The lawsuits have specifically taken aim at AbbVie and Abbott Labs for emissions from their North Chicago facility, which ceased EtO emissions in the late 1990s.
"When they filed their complaints, Plaintiffs alleged they had been harmed by purported EtO releases from two facilities—Gurnee and Waukegan," the companies wrote. "AbbVie and Abbott are associated with a different facility (North Chicago) in a different area (approximately 4.8 miles from the Gurnee facility and 2.6 miles from the Waukegan facility) with vastly different alleged emission levels...
"Plaintiffs’ initial complaints gave no indication they planned to target the North Chicago Facility, or that it emitted EtO and caused their alleged ailments. AbbVie and Abbott, therefore, had no reason to believe that Plaintiffs mistakenly omitted them from their original complaint, and there was no basis for AbbVie and Abbott to assume they would have been named absent a mistake by Plaintiffs," the two companies wrote in their motion to dismiss, filed Nov. 20.
Likewise, PPG Industries asserts plaintiffs knew or should have known years ago of that company's prior involvement in the Gurnee facility. PPG noted it last owned the plant 25 years ago.
Yet, PPG said the plaintiffs waited until 2024 to attempt to bring them into the litigation.
PPG and BASF Corporation further assert the plaintiffs shouldn't be allowed to target them with strict liability claims under a legal exception for "ultrahazardous activity."
The companies noted that other Cook County judges explicitly rejected such claims against Sterigenics in the EtO emissions litigation against that company. The companies noted the judges specifically ruled that EtO use is widespread and common and is useful for a range of legitimate societal and economic purposes. As such, the judges ruled that the use of EtO in industrial and sterilization facilities cannot be considered "ultrahazardous."

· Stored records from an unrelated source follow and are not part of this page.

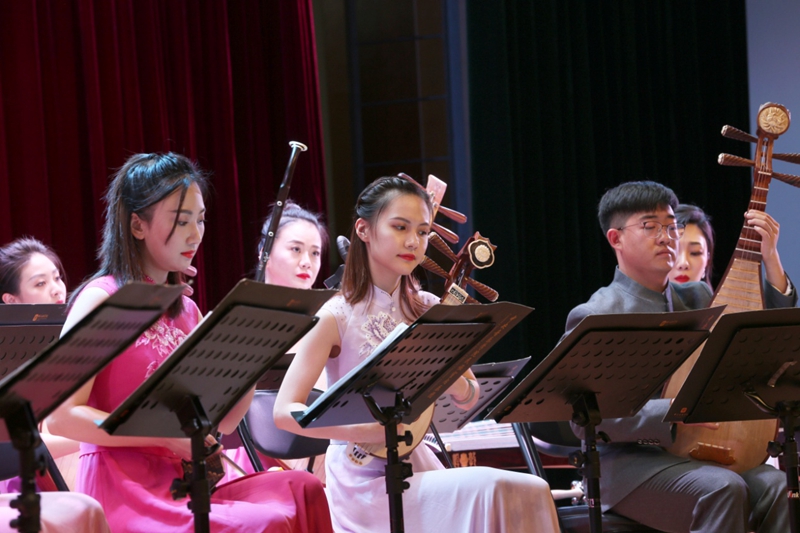 其中，“古韵悠扬”篇章演奏了《春江花月夜》《十面埋伏》《夜深沉》；“七彩中国”篇章演奏了《在那遥远的地方》《山歌》《草原天地》；主题“不忘初心”篇章演奏了《之初》《延安随想》《一杯美酒》《故乡是北京》等精彩曲目，将音乐会逐步引向高潮，为观众带来了一场精彩绝伦的艺术视听盛宴，演出赢得了一阵阵热烈的掌声。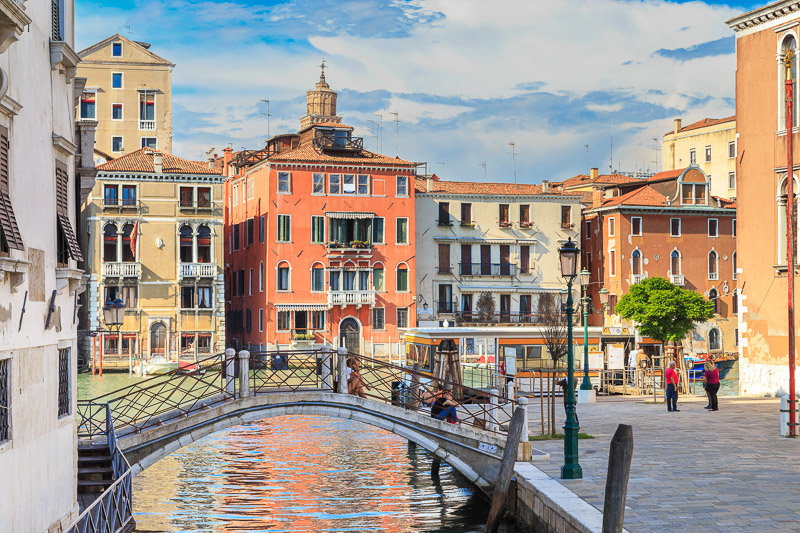 colorful buildings on the Rio de la Fornace canal in the Dorsoduro area.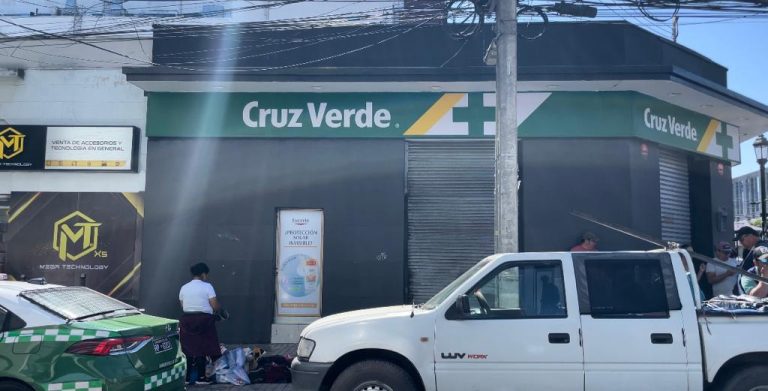 Entraron por el techo: Delincuentes roban céntrica farmacia de Talca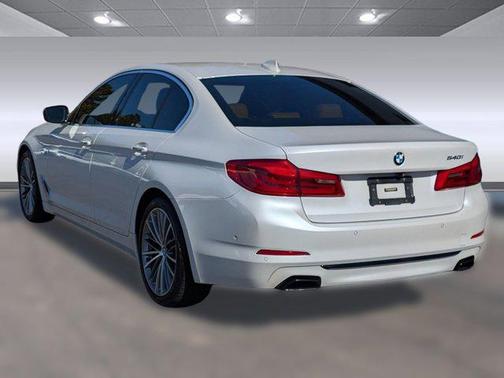 2017 BMW 540 540i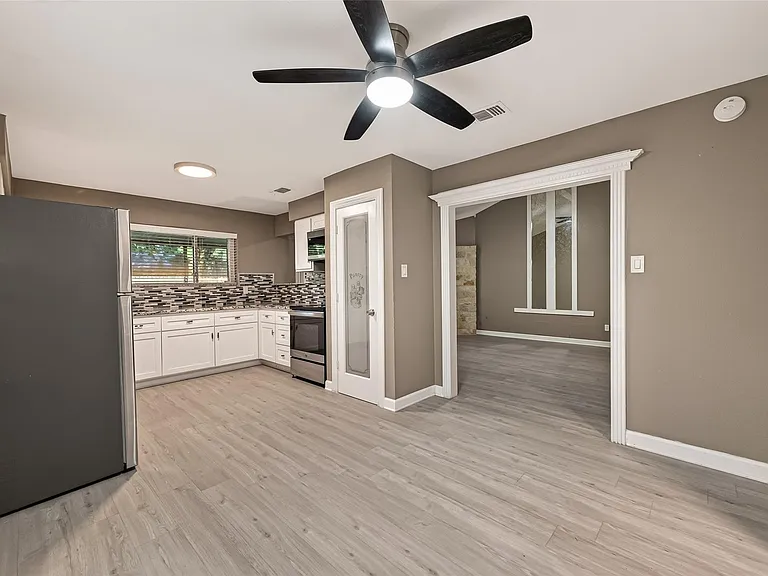 7338 Cornwall Bridge Ln — Photo 13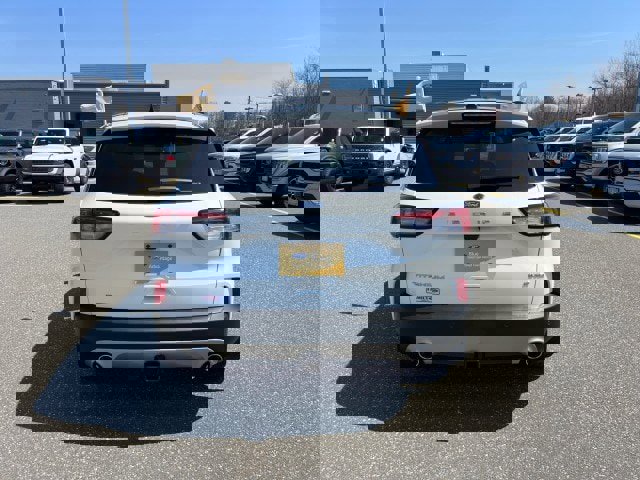 Used 2022 Ford Escape Titanium w/ Titanium Elite Package image 4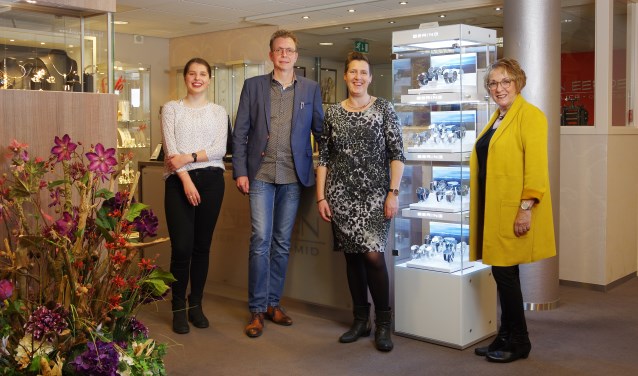 Het team van Van Eerden Goudsmid - Juwelier, met als tweede van links Marcel van Eerden. Foto: PR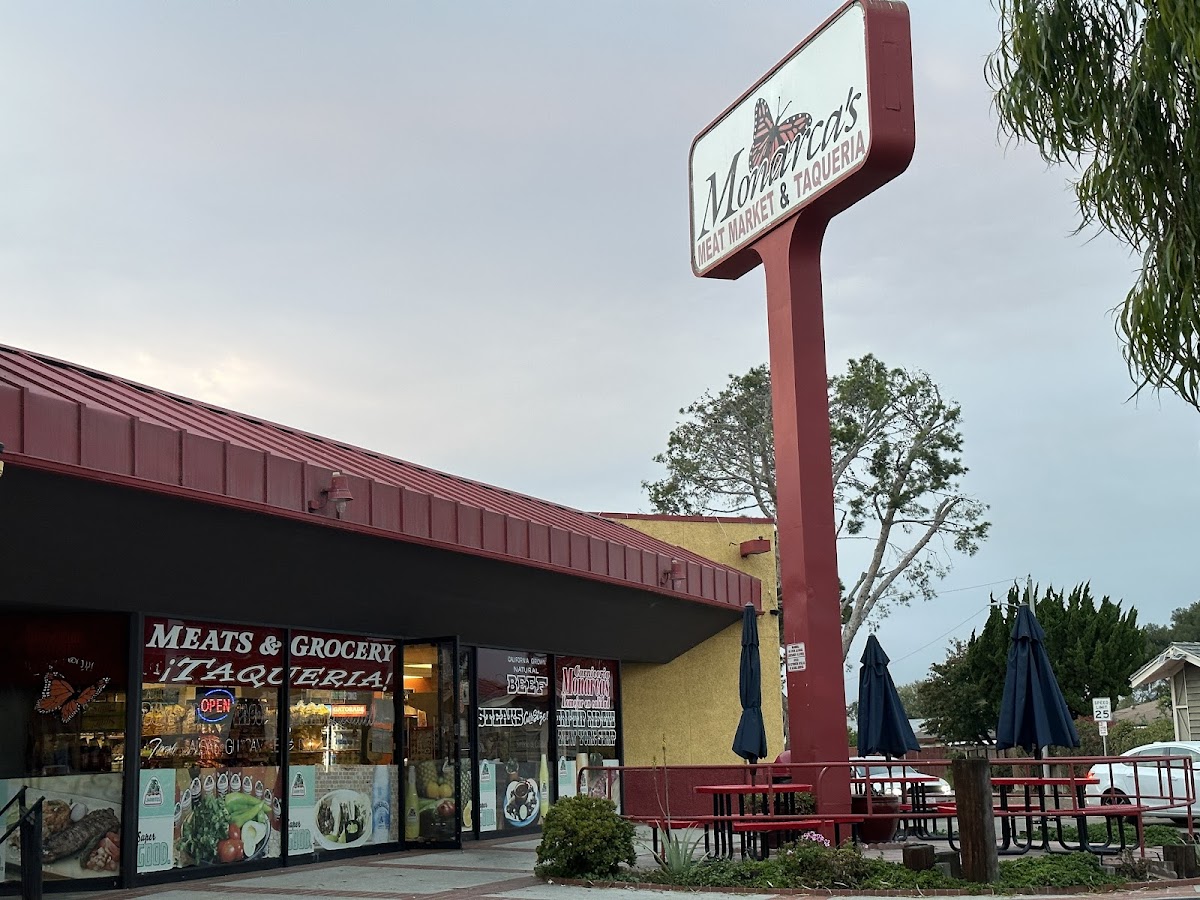 Monarca's Meat Market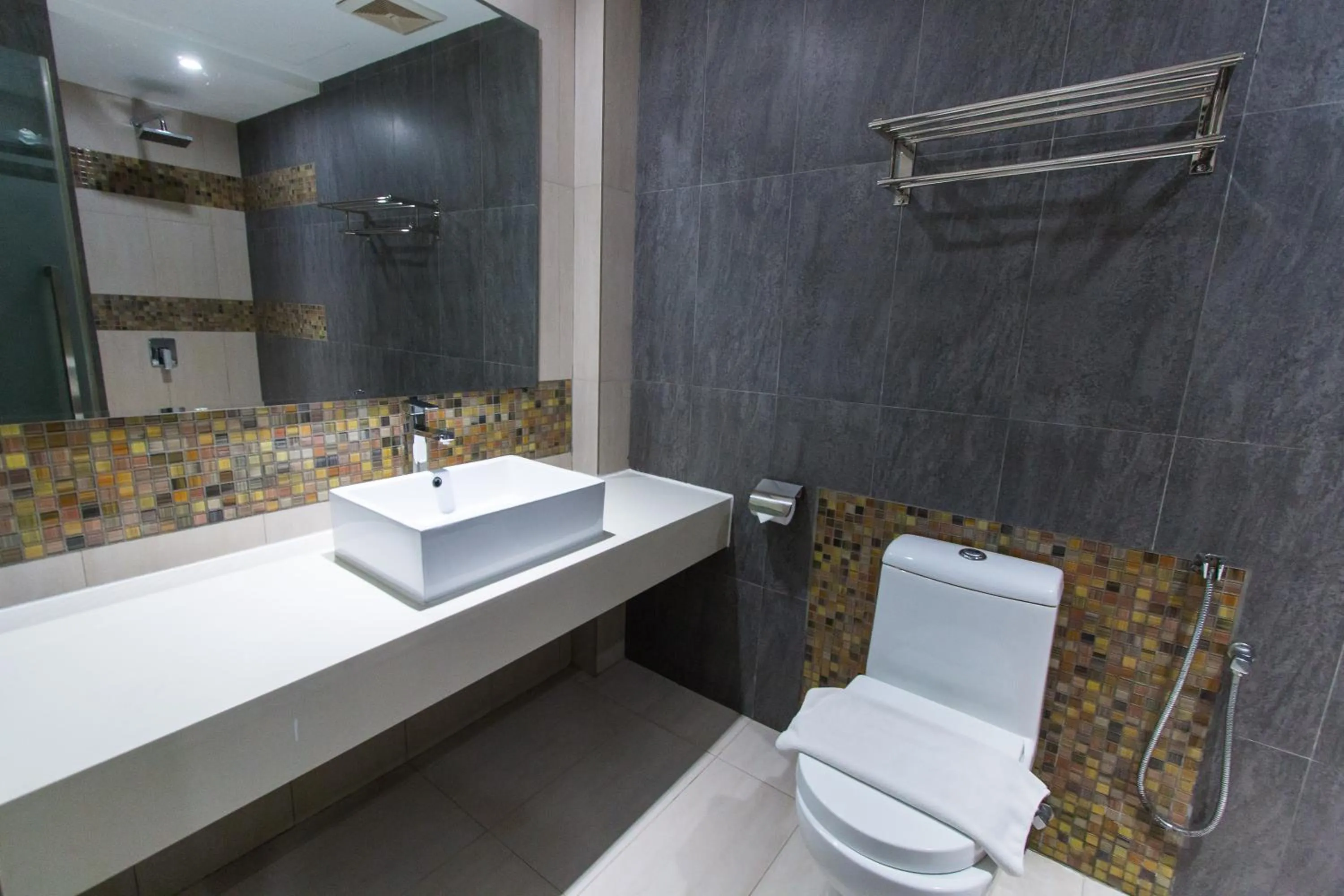 Toilet in Hotel 99 Bandar Puteri Puchong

"Although Plaintiffs have been litigating these claims against the Other Defendants for nearly five years, their allegations against BASF are no more than a conclusory afterthought, tacked onto their existing claims with no facts specific to BASF," BASF wrote in a brief filed Dec. 3 in support of its motion to dismiss. "The Illinois fact-pleading standard requires more from Plaintiffs than simply replacing Vantage with BASF."
Plaintiffs have said the companies' arguments should be rejected, in part because they should have known of the risk of litigation, based on the well-publicized lawsuits against the initial Lake County defendants.
And plaintiffs said they did not obtain certain key state regulatory filings and reports needed to substantiate their claims against the companies until 2023, which would place their claims within the two-year limit.
In a separate filing, AbbVie and Abbott Labs have also asked the Cook County court to transfer the action to Lake County court.
Cook County Circuit Judge Kathy Flanagan has not yet ruled on the various motions.
AbbVie and Abbott Labs are represented by attorneys from the firms of Latham & Watkins and Winston & Strawn, both of Chicago.
PPG is represented by attorneys from the firm of K&L Gates, of Chicago and Pittsburgh.
BASF is represented by attorneys from the firm of DLA Piper LLP (US), of Chicago and San Francisco.